> BRIEF
Nothing in the entries may change when you repeat them, and no images may appear.

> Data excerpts
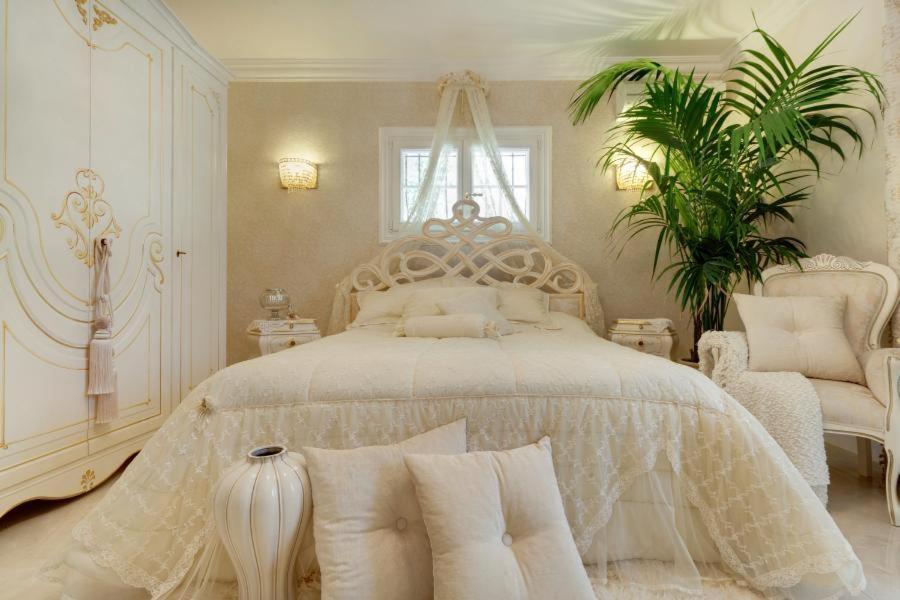 Saint-Jeannet  Villa Gloria الغرفة الصورة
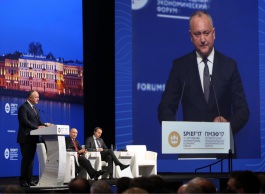 Igor Dodon a rostit un discurs în cadrul Forumului Economic Internațional din Sankt Petersburg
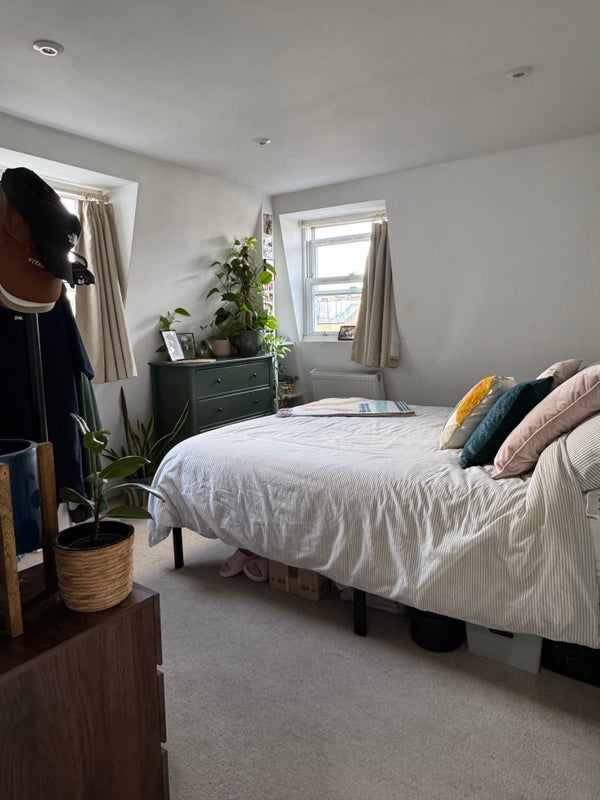 Room Merton Road in Greater London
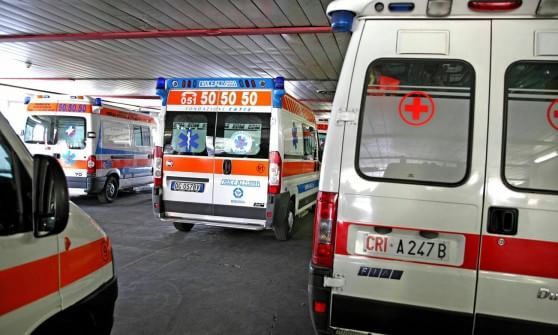 Resti organici in un sacchetto via Servais, ma è solo carne avariata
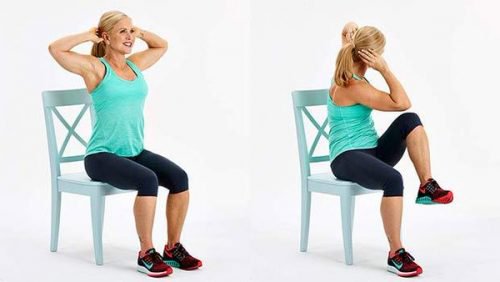 Übungen mit Stuhl für einen flachen Bauch: seitlicher Knie-Crunch
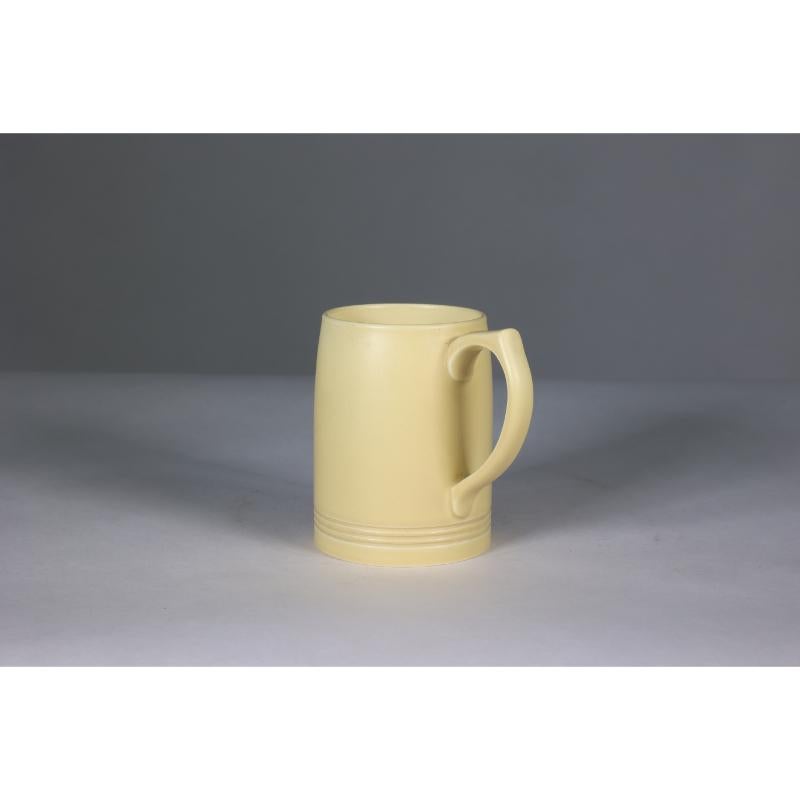Keith Murray for Wedgwood. A rare complete and original set of six lemonade mugs For Sale 5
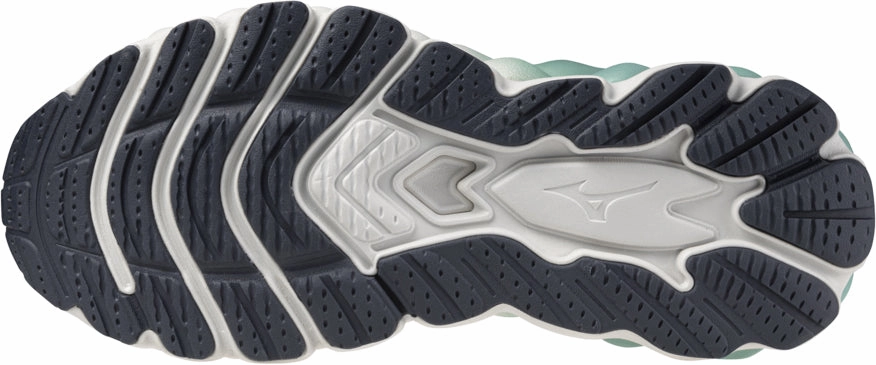 running on concrete shoes Speedboard Technology Mizuno Wave Sky 8 Womens Running Shoes - Grey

> TASK SOLUTION
 Saint-Jeannet  Villa Gloria الغرفة الصورة
 Igor Dodon a rostit un discurs în cadrul Forumului Economic Internațional din Sankt Petersburg
 Room Merton Road in Greater London
 Resti organici in un sacchetto via Servais, ma è solo carne avariata
 Übungen mit Stuhl für einen flachen Bauch: seitlicher Knie-Crunch
Keith Murray for Wedgwood. A rare complete and original set of six lemonade mugs For Sale 5
 running on concrete shoes Speedboard Technology Mizuno Wave Sky 8 Womens Running Shoes - Grey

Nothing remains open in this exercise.